D = np.random.rand(10, 5) * np.array([0.05, 10, 500, 0.1, 50])

print('Dataset D:')
print(D)

Without feature scaling, calculating the Euclidean Distance would most of the time be dominated by Feature 3. This would make Feature 3 more important than the others, which in practice is not a preferred assumption.

Using the built-in methods [`np.mean()`](https://numpy.org/doc/stable/reference/generated/numpy.mean.html) and [`np.std()`](https://numpy.org/doc/stable/reference/generated/numpy.std.html) we can easily calculate the mean and standard deviation for each feature. Note that we need to specify the `axis` parameter for this, otherwise we calculate the mean and standard deviation over all values in `D`.

In [None]:
col_mean = np.mean(D, axis=0)
col_std = np.std(D, axis=0)

print(col_mean, "<= Means for all features")
print(col_std, "<= Standard deviations for all features")

With the 5 means and 5 standard deviations for all 5 features, we can again use broadcasting to update each feature value with respect to its "own" mean and standard deviation.

In [None]:
D_standardized = (D - col_mean) / col_std

print(D_standardized)

As you can see, now all features are roughly in the same ballpark, with no features standing out and potentially dominating the calculation of Euclidean Distances.

**Side note:** Again, standardization or normalization of the data is a very common task, and as such there are off-the-shelf solutions to accomplish this available. The code below uses the method provided by `scikit-learn`. The results should of course be identical. You can check out the [`StandardScaler`](https://scikit-learn.org/stable/modules/generated/sklearn.preprocessing.StandardScaler.html) class of `scikit-learn`.

In [None]:
from sklearn.preprocessing import StandardScaler

scaler = StandardScaler()

D_standardized_sklearn = scaler.fit_transform(D)

print(D_standardized_sklearn)

---

## Summary

NumPy is an indispensable package for data analysis and scientific computing with Python, particularly when working with multidimensional arrays, in the simplest case: vectors and matrices. The appropriate use of the built-in methods not only make your code shorter and easier the read, in the very most cases it will make the actual computations much faster. Having a good understanding and grip on the syntax and inner workings is very beneficial in practice...and definitely in this course :).

There's of course much more to NumPy. This tutorial gives only a first glimpse to beginners started. Given its popularity and importance, you can find a lot of documentation online (beyond the official documentation on the NumPy website). To conclude, here are just some more take-away comments.

* NumPy is not the perfect solution for all numerical computations. Most basically, NumPy is most suitable for problems and algorithms that can be expressed as vectorized operations. NumPy is also designed that operations run on a single CPU. With the prevalence of GPU computations, new packages such as [CuPy](https://cupy.dev/) have been developed. It allows users to write high-performance GPU-accelerated code using familiar NumPy syntax.

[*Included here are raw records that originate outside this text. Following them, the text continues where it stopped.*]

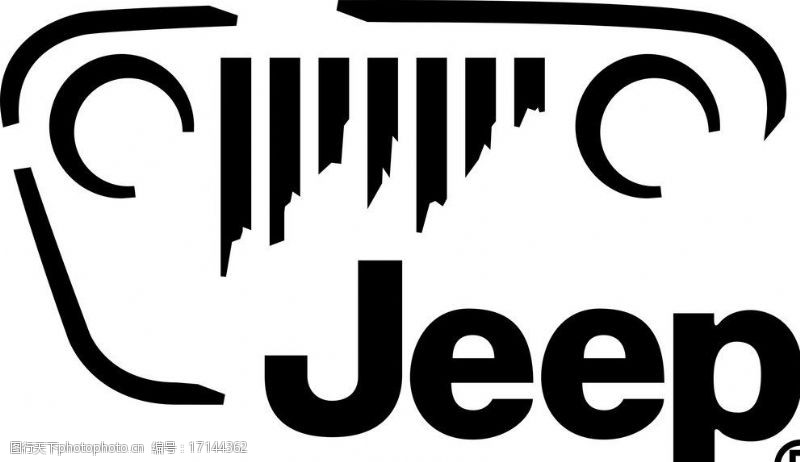 jeep吉普车队LOGO图片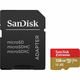 SanDisk 128GB Extreme (SDSQXAA-128G-GN6MA) memorijska kartica microSDXC class 10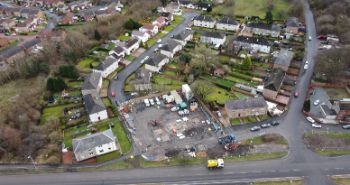 Scottish Water sewer flooding project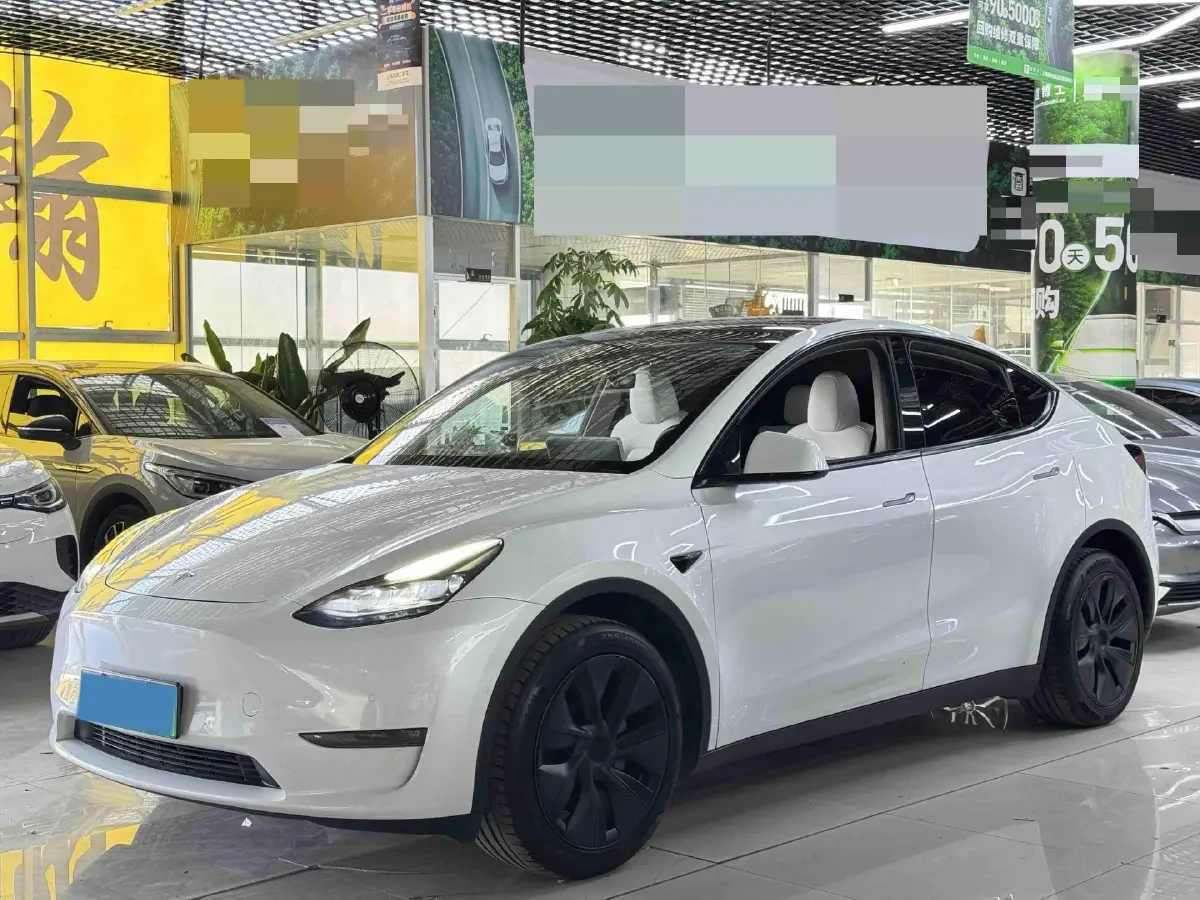 2023 Tesla Model Y BEV 78.4KWH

* To keep it simple, most of example in this tutorial were only 2d arrays, i.e., matrices where the notion of "column" and "row" are meaningful and intuitive. For arrays with more dimensions these notions break down. In general, it's a good practice to always thing in "first dimension/axis", "second dimensions/axis", "third dimensions/axis", etc. Trying to talk about rows and columns in case of multidimensional arrays quickly becomes more confusing than helpful.

---

## Optional "Homework"

In the first example use case, we calculated the Euclidean Distances between a single data point `x` and all data points in `D`. This allowed us to use broadcasting to subtract data point `x` from all points in `D`.

Now let's assume we have, say, 5 data points `x1`, `x2`, ..., `x5`, and we want to find the k-nearest neighbors for all 5 data points. This requires calculating 50 Euclidean distances, 10 for each `x_i`. Of course, we could simply loop over all `x_i` and perform the steps for each data point as outlined above. However, using loops can significantly affect the runtime for large datasets (not for this small example).

**Question:** How can we use NumPy to calculate all Euclidean Distances without using any loop?